There are two kinds of mirrors: one, a standard mirror that accurately reflects what you look like and two, a funhouse mirror that reflects a distorted and haunting version. The key to interpreting and understanding the life and death of Samson is to see Judges 13-16 as a bit of both. Samson’s life accurately reflects the nation over which he serves as a judge for 20 years (Judges 15:20). Before his rise, God left the people to be overtaken; Judges 13:1 says, “the people of Israel again did what was evil in the sight of the Lord, so the Lord gave them into the hand of the Philistines for forty years.”

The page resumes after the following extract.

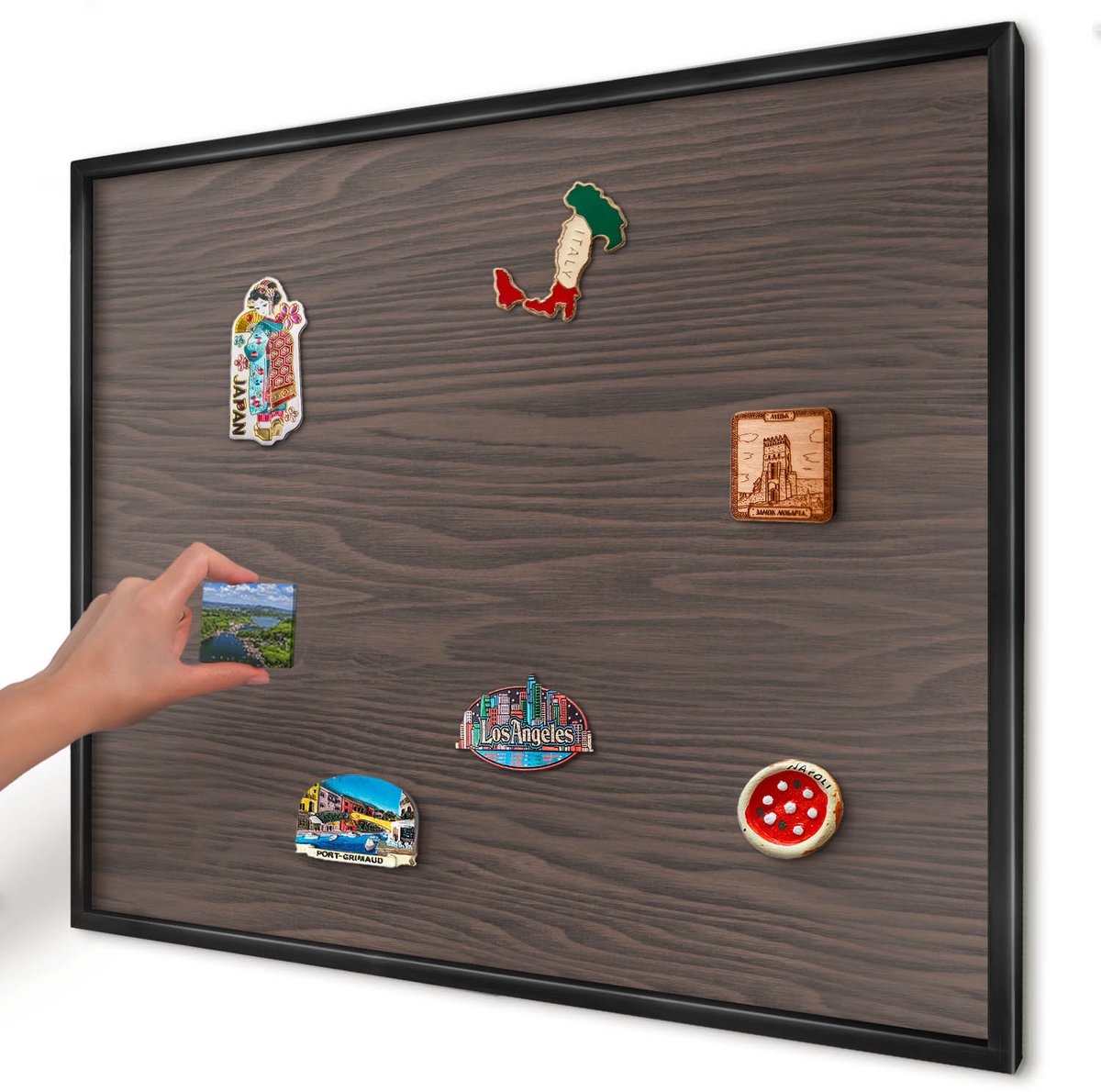 Artprintcave Bruin Magneetbord mit Zwart Frame - 80x60 cm - Natuurlijk Hout Wandbord Magnetisch - Rustiek Bord Voor Magneten - Texturen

Apostasy is the word that best describes the days of the Judges when everyone “did what was right in his own eyes” (21:25). The Baker Encyclopedia of Psychology & Counseling says, “apostasy refers to the process of turning away from Christianity and from one’s relationship with God. It is considered an egregious sin (2 Peter 2:20–21), synonymous with falling away from the faith and rebellion.” (1)

It goes on to say, “Richard Baxter (1673/1990), one of the great Puritan pastors, discussed some signs of growing apostasy: when sin’s delights are continually greater than the pleasures of holiness; when repentance is put off; when legitimate admonitions of others are resisted; when sin becomes easy and conscience offers no argument; and when sin is mentally and verbally defended.” (2)

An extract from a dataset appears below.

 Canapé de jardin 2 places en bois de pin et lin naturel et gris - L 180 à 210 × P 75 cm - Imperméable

Apostasy is preceded by pluralism, also known as syncretism. This occurs by taking some of what God says, and some of what Satan says, and trying to combine them in your beliefs or behavior. An example would be quoting, out of context, the Bible verses about loving your neighbor and not judging others while ignoring everything the Bible also says about sex, gender, sexuality, and marriage, to justify living a promiscuous life as a progressive “Christian.”

A Bible dictionary says:

The Samson narrative reveals the theological concern of the book of Judges as a whole: Israel’s apostasy…The Samson cycle embeds that apostasy in the person of Samson, reflecting the spiritual disintegration of Israel throughout the book. Samson’s flirtation with Philistines reflects the broader contamination and consequences experienced by Israel whenever it accommodated pluralism… (3)

The sins of Samson and the people he led consisted primarily of corrupt sexuality driven by counterfeit spirituality, as in our own day. If there were a book of the Bible that captured the cultural morality of the current Western world, Judges would be a leading candidate.

In today’s culture, where are you seeing syncretism at work? 

1.    E. L. Johnson, “Apostasy,” ed. David G. Benner and Peter C. Hill, Baker Encyclopedia of Psychology & Counseling, Baker Reference Library (Grand Rapids, MI: Baker Books, 1999), 91.

2.    Ibid., 92.

3.    Rob Fleenor, “Samson the Judge, Critical Issues,” op. cit.